- **Instructions for the task**: In this exercise, print only the lines from the line with "istock Great frigatebird" to the last line of the data below, inclusive. Any pictures should be left out.

- **Supplied information**:

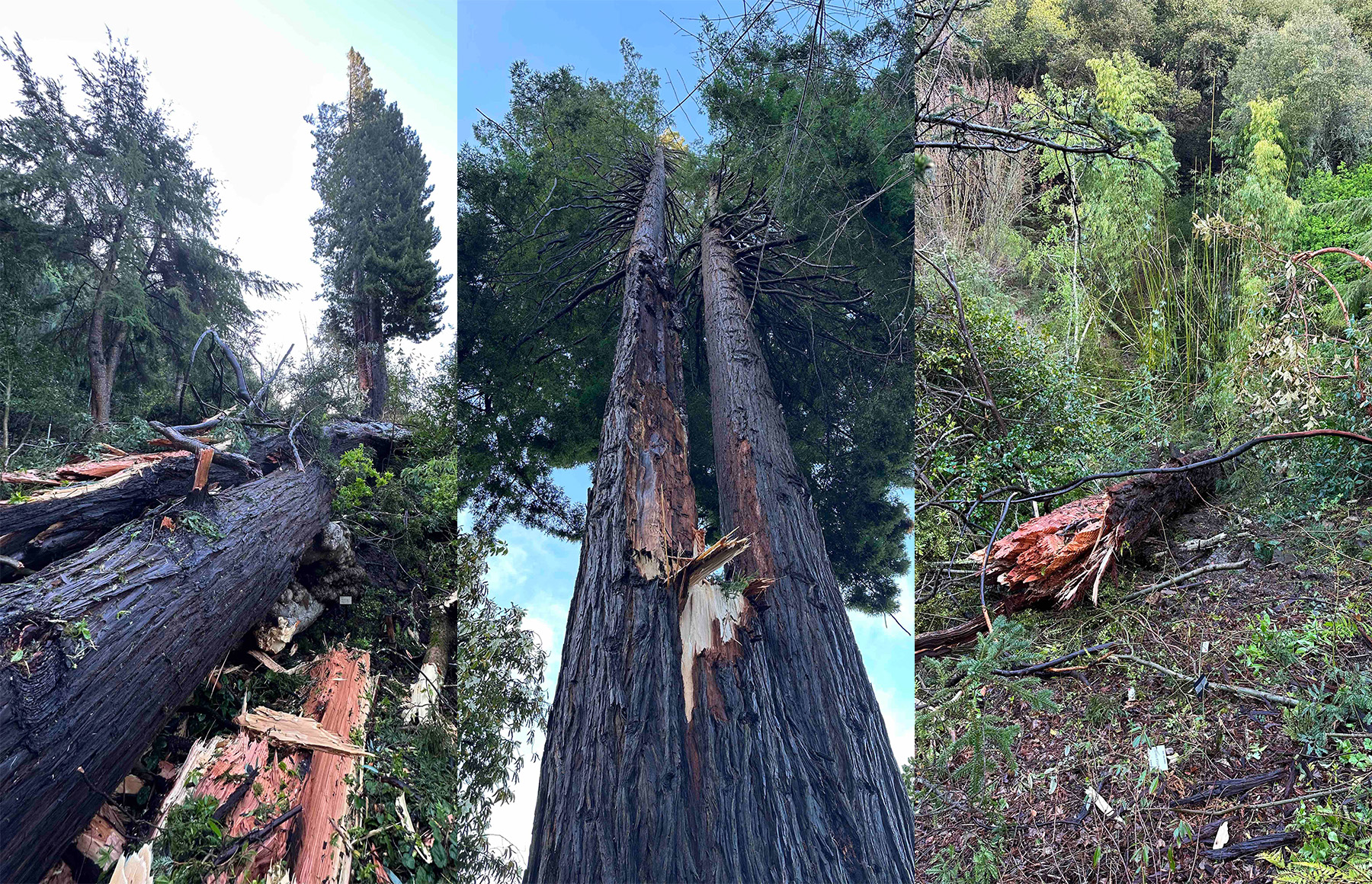 University of California Botanical Garden storm damage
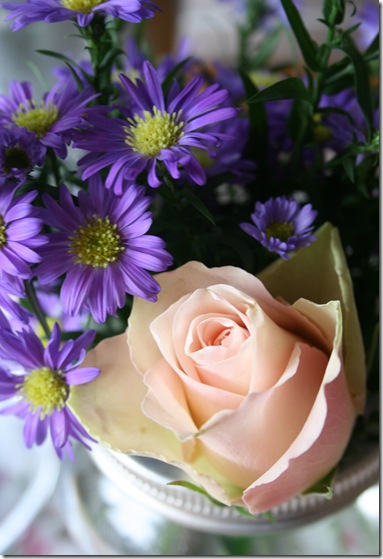blomster 005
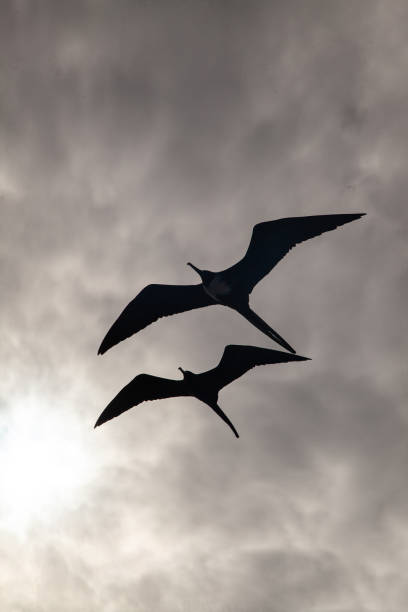 istock Great frigatebird (Fregata minor) at Galapagos islands 1262912879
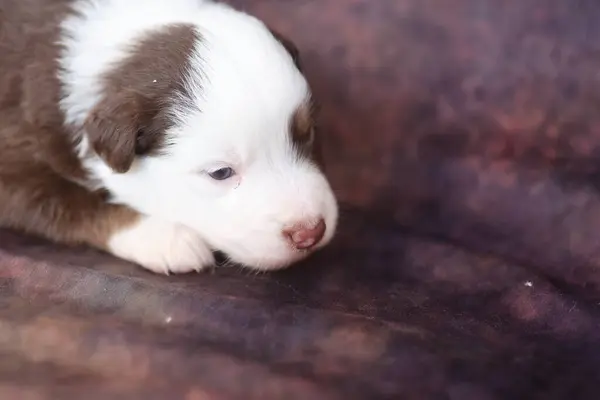 Bir köpek yavrusu başı eğik bir kanepede yatıyor. Yavru köpek kahverengi ve beyaz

- **Exercise output**:
 istock Great frigatebird (Fregata minor) at Galapagos islands 1262912879
 Bir köpek yavrusu başı eğik bir kanepede yatıyor. Yavru köpek kahverengi ve beyaz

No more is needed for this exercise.